N° 951 | du 26 novembre 2009 | Numéro épuisé

Faits de société

Le 26 novembre 2009

Des droits de l’enfant mal défendus

Joël Plantet

Le gouvernement a annoncé son intention de mettre fin à l’institution du Défenseur des enfants. Pourtant, depuis neuf ans, celle-ci ne cesse d’être efficace ; le 20 novembre, elle livrait encore quelques pistes utiles

Cette année, la Défenseure des enfants enregistrait une augmentation de 9,4 % des réclamations, concernant principalement la tranche d’âge des 11-15 ans. Les motifs sont les séparations familiales, le droit de visite, le placement et les mesures éducatives, mais aussi les mineurs étrangers isolés, puis les dénonciations d’abus sexuels ou de maltraitance, les difficultés avec l’institution scolaire ou les problèmes de handicap.

Par ailleurs, les services de Dominique Versini ont initié trois enquêtes de terrain : la première, Devenir une vraie femme : question des adolescentes à leur magazine (en l’occurrence Girls et Jeune et jolie), porte sur l’image des filles. « On constate qu’un stéréotype est inculqué de bonne heure à propos des femmes », déplore la Défenseure, à propos de certains sujets (mode, beauté, amour, sexe), en constatant que les minorités (le handicap, par exemple) et les discriminations n’y sont que très peu évoquées. À l’opposé de ces standards commerciaux consuméristes, d’autres magazines centrés sur l’éducatif (Le monde des ados, Les Clés de l’actualité…) entendent, eux, compléter les acquis et ancrer des compétences personnelles et sociales chez l’ado lecteur.
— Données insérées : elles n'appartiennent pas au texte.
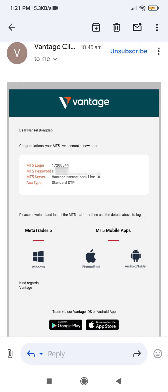So this was the email that I got from Vantage and they have the password given to you. You can always change the password that is sent to you through email, but for the purpose of this video, I am going to use the one in the email. We have our MT5 login — it is also given. The login is the account number. And then you have the server, the MT5 server, as Vantage International Live 10. The account type of the Vantage is standard account.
Un recul évident par rapport à nos engagements internationaux

La deuxième enquête s’intéresse aux faits divers « dans lesquels les jeunes deviennent un enjeu politique », entraînant des lois de plus en plus répressives en matière de délinquance des mineurs. Au cœur du débat, l’institution scolaire, qui a vu se succéder nombre de propositions de lois au fur et à mesure d’événements médiatisés… Jusqu’à quand va-t-on entretenir l’illusion que l’on répond aux problèmes de délinquance en ajoutant des lignes dans le code pénal, lui-même modifié à plus de quarante reprises depuis 2002, s’interroge l’institution en s’appuyant sur le chercheur Laurent Mucchielli.

Intitulée « l’expression et la participation des adolescents, des droits à renforcer », la troisième enquête insiste sur une participation ouverte à tous et « pas seulement à des jeunes déjà mobilisés et dotés d’un bon capital scolaire », dans les collectivités territoriales comme dans le cadre scolaire. Pourquoi ne pas créer, propose-t-elle en suivant une préconisation de lycéens, un « livret de l’engagement citoyen » rassemblant toutes les activités, scolaires ou non, dans lesquelles s’est investi l’adolescent ?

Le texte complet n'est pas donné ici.